Problem. Repeat, word for word, every line from the line holding "Carte Postale Sanibel" through the final line of the entries below. Skip all pictures.

(Data excerpts)
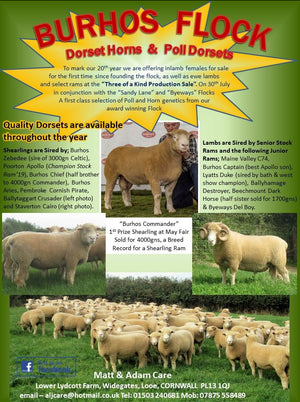 Dorset (Horned) "Burhos E1640" (UK0390319-01640) - in UK/AI Centre for Fall 2023 import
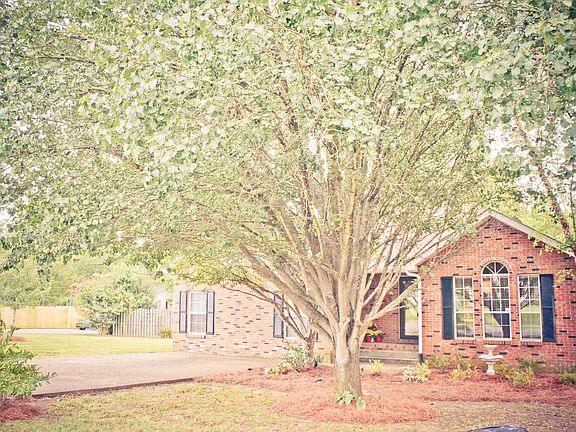 Lanscaped yard w/irrigation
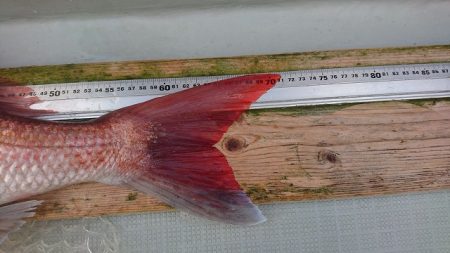 フィッシングボートACE（エース） 釣果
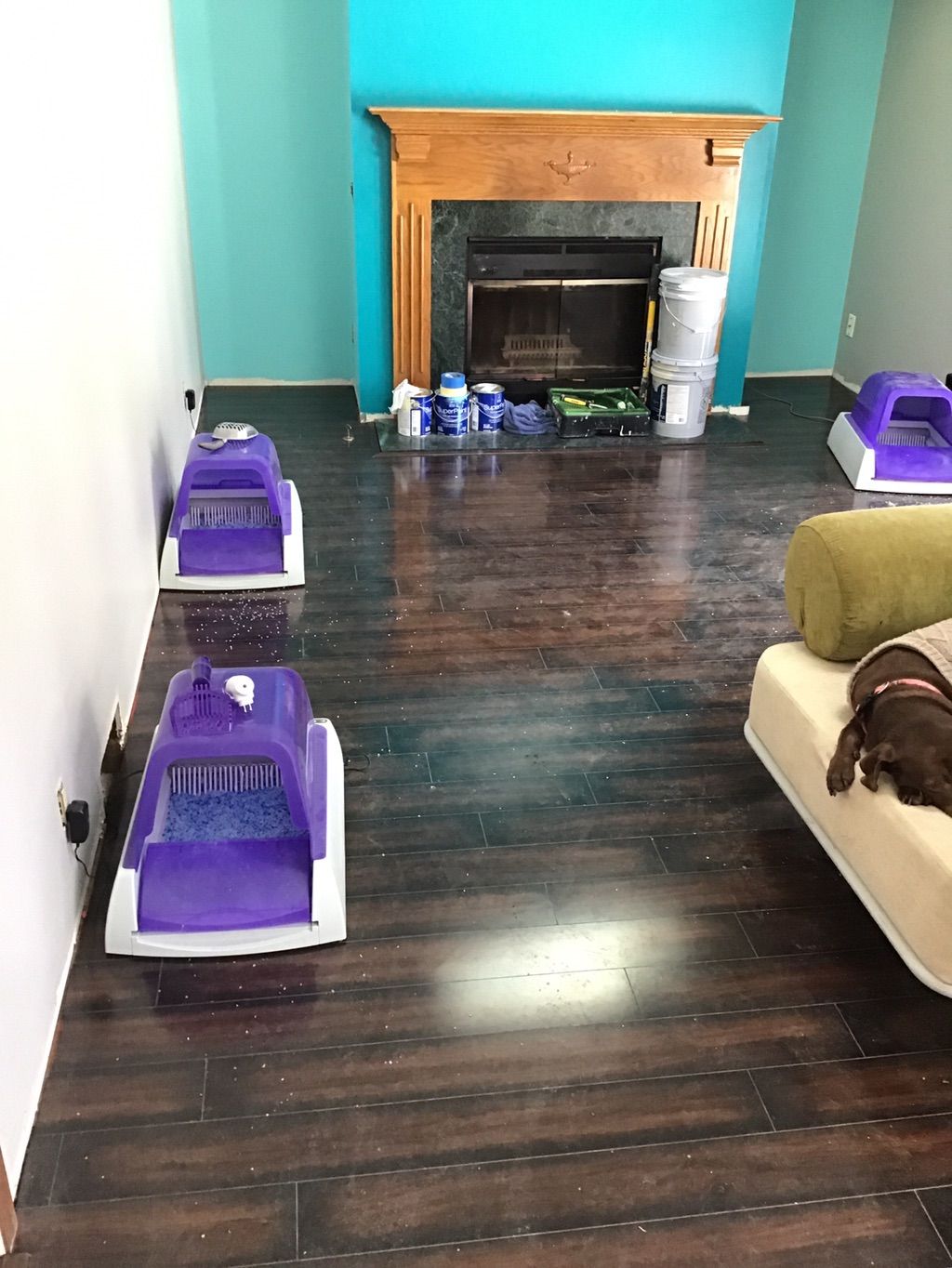 Customer photos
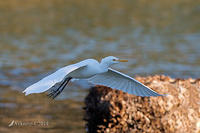 cattle egret 16436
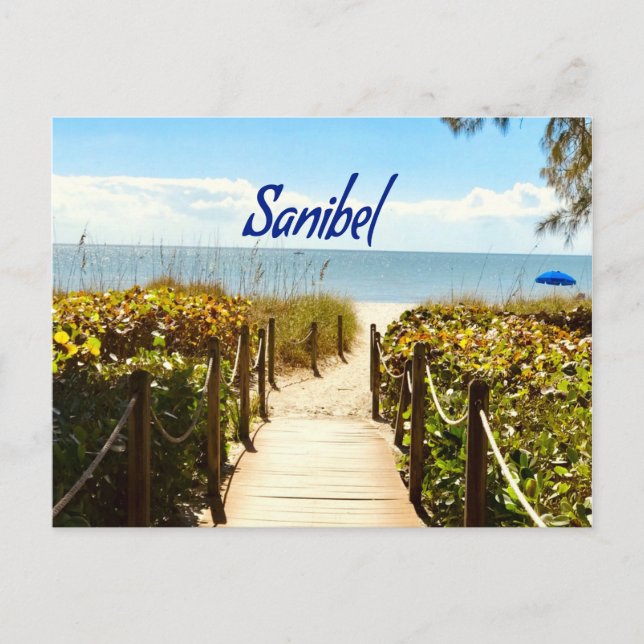 Carte Postale Sanibel Island Floride Plage Océan (Devant)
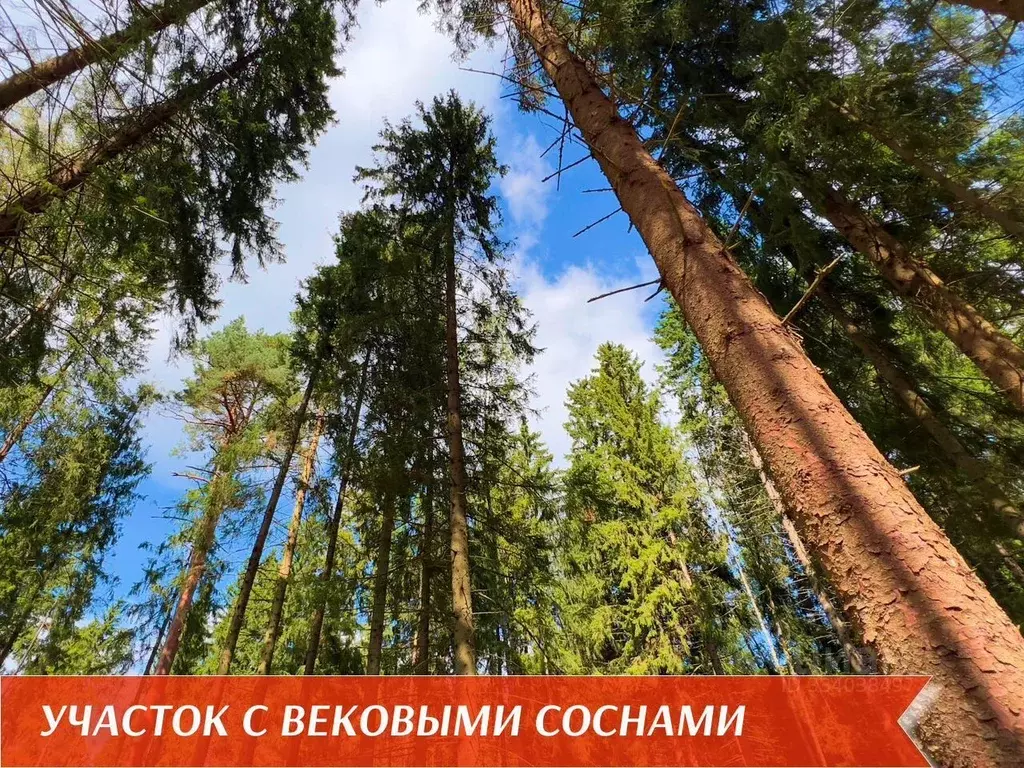 Участок в Московская область, Одинцовский городской округ, д. ... - Фото 2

Problem solution.
 Carte Postale Sanibel Island Floride Plage Océan (Devant)
 Участок в Московская область, Одинцовский городской округ, д. ... - Фото 2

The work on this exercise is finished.